I would appreciate your ideas on a sound and simple mathematical method.

Answer 1

We have three 2D vectors: $$\begin{align} \vec{u} &= (\cos \phi_1, \sin \phi_1) \\ \vec{v} &= (\cos \phi_2, \sin \phi_2) \\ \vec{p} &= (\cos \phi, \sin \phi) \end{align}$$ The 2D analog of cross product is zero if the vectors are parallel (or opposite), positive if the vectors are listed in counterclockwise order, and negative if the vectors are in clockwise order, with their angle always measured the short way round.
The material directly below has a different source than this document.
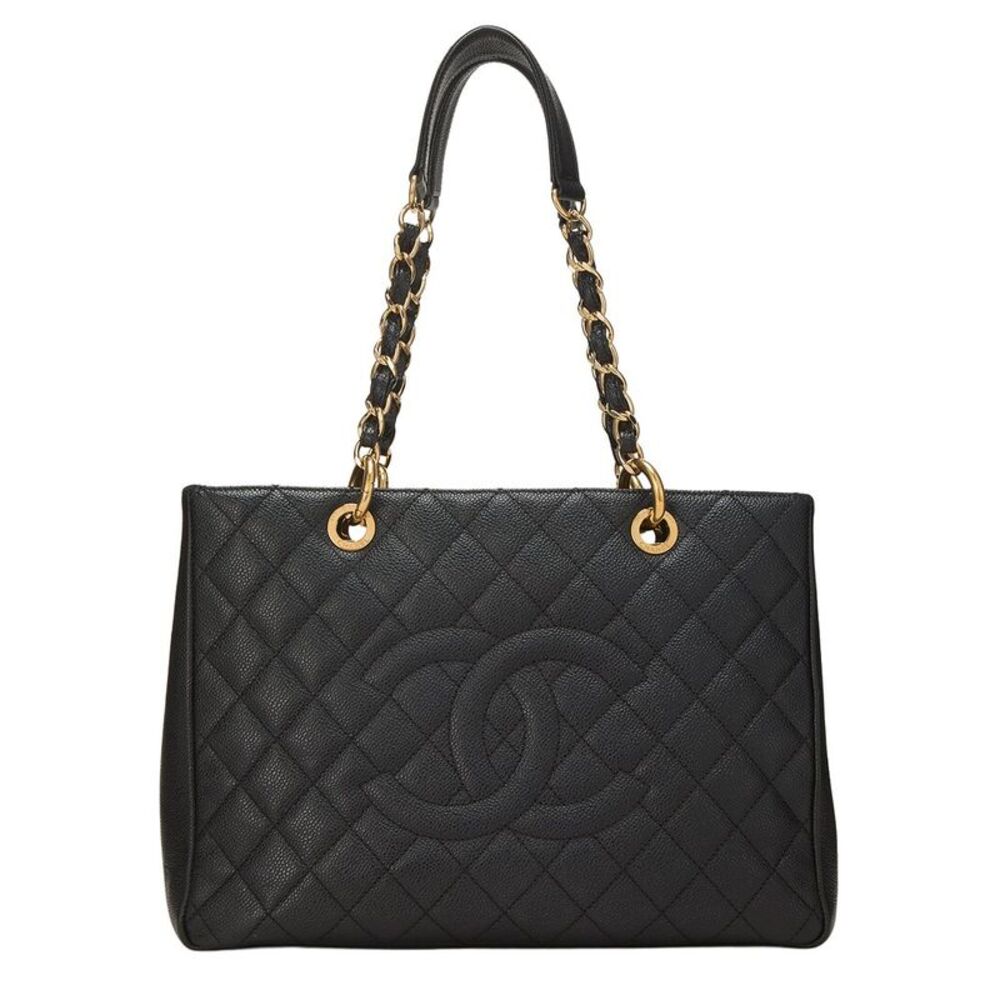 Chanel Black Quilted Caviar Leather Grand Shopping Tote (Gst) (Authentic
This means that if and only if the signs of $$\begin{matrix} \vec{u} \times \vec{v} &=& \cos\phi_1 \sin\phi_2 &-& \cos\phi_2 \sin\phi_1 &=& \sin(\phi_2 - \phi_1) \\ \vec{u} \times \vec{p} &=& \cos\phi_1 \sin\phi &-& \cos\phi \sin\phi_1 &=& \sin(\phi - \phi_1) \\ \vec{p} \times \vec{v} &=& \cos\phi \sin\phi_2 &-& \cos\phi_2 \sin\phi &=& \sin(\phi_2 - \phi) \end{matrix}$$ are the same, then $\vec{p}$ is between $\vec{u}$ and $\vec{v}$, and correspondingly $\phi$ is between $\phi_1$ and $\phi_2$.

Answer 2

Your data amount to the following: You are given two primary directions ${\bf w}_1:=(\cos\phi_1,\sin\phi_1)$ and ${\bf w}_2:=(\cos\phi_2,\sin\phi_2)$, whereby it is assumed that $\phi_1\ne\phi_2$ $(\pi)$, and an "arbitrary" direction ${\bf r}=(\cos\phi,\sin\phi)$. The direction ${\bf r}$ is called between ${\bf w}_1$ and ${\bf w}_2$ if $${\bf r}=\lambda_1 {\bf w}_1+\lambda_2{\bf w}_2\tag{1}$$ with $\lambda_1>0$ and $\lambda_2>0$. Solving $(1)$ for $\lambda_1$ and $\lambda_2$ gives $$\lambda_1={\sin(\phi_2-\phi)\over\sin(\phi_2-\phi_1)},\qquad \lambda_2={\sin(\phi-\phi_1)\over\sin(\phi_2-\phi_1)}\ .$$ Therefore we obtain the following criterion: The direction ${\bf r}$ is between ${\bf w}_1$ and ${\bf w}_2$ iff the three numbers $$\sin(\phi_2-\phi), \quad \sin(\phi-\phi_1), \quad \sin(\phi_2-\phi_1)$$ all have the same sign.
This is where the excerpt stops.